ABI = [{"inputs": [], "name": "latestRoundData", "outputs": [...], "type": "function"}]
w3 = Web3(Web3.HTTPProvider(config.POLYGON_RPC_URL))
contract = w3.eth.contract(address=CHAINLINK_BTC_USD, abi=ABI)
_, answer, _, _, _ = contract.functions.latestRoundData().call()
price = answer / 1e8 # Chainlink returns 8 decimal fixed point
Configuration
All strategy parameters live in config.py and are overridable via environment
variables. The defaults are conservative:
MIN_EDGE = 0.07 # 7% minimum price discrepancy MIN_CONFIDENCE = MEDIUM # accept MEDIUM or HIGH from Haiku MAX_POSITION_SIZE = 50 # USD per trade CLOSING_WITHIN_HOURS = 48 # only trade markets closing within 48h SCAN_INTERVAL_SECONDS = 30 # rescan frequency DRY_RUN = true # no real money unless explicitly disabled
Dry-run mode runs the full pipeline — scan, enrich, analyse, Opus confirm — but skips the actual CLOB post. Useful for watching what the bot would do without risking capital.
Running It
# Install deps pip install -r requirements.txt # Generate CLOB credentials from wallet private key python main.py --setup # Dry-run (default) — watch signals without trading python main.py # Single scan pass and exit python main.py --scan-once # Live trading DRY_RUN=false python main.py # Single live scan DRY_RUN=false python main.py --scan-once
What I'd Change
The ESPN API calls are synchronous and happen per-market. At 40 markets that's 40 sequential HTTP requests before Haiku even sees the data. Async would cut the enrichment phase from ~8s to under a second. The stats parsing is also brittle — team name extraction is regex-based and fails on anything the regex wasn't written for (international players, traded players, mid-season name changes).
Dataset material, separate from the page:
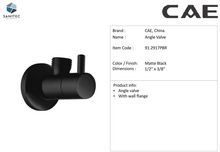 Load image into Gallery viewer, Cae Angle Valve 1/2 x 3/8 91.2917PBR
The Opus confirmation adds 2–4 seconds per signal. For a 30-second scan interval that's fine, but if you wanted to run on shorter windows it becomes a bottleneck. One option is to only call Opus when the position size exceeds a threshold — cheap Haiku confirmation below that, Opus confirmation above it.
Position sizing is flat. Every trade gets the same dollar amount regardless of edge magnitude or confidence level. A simple Kelly fraction using the Haiku-estimated edge and probability would size positions more aggressively when the signal is strong and conservatively when it's marginal.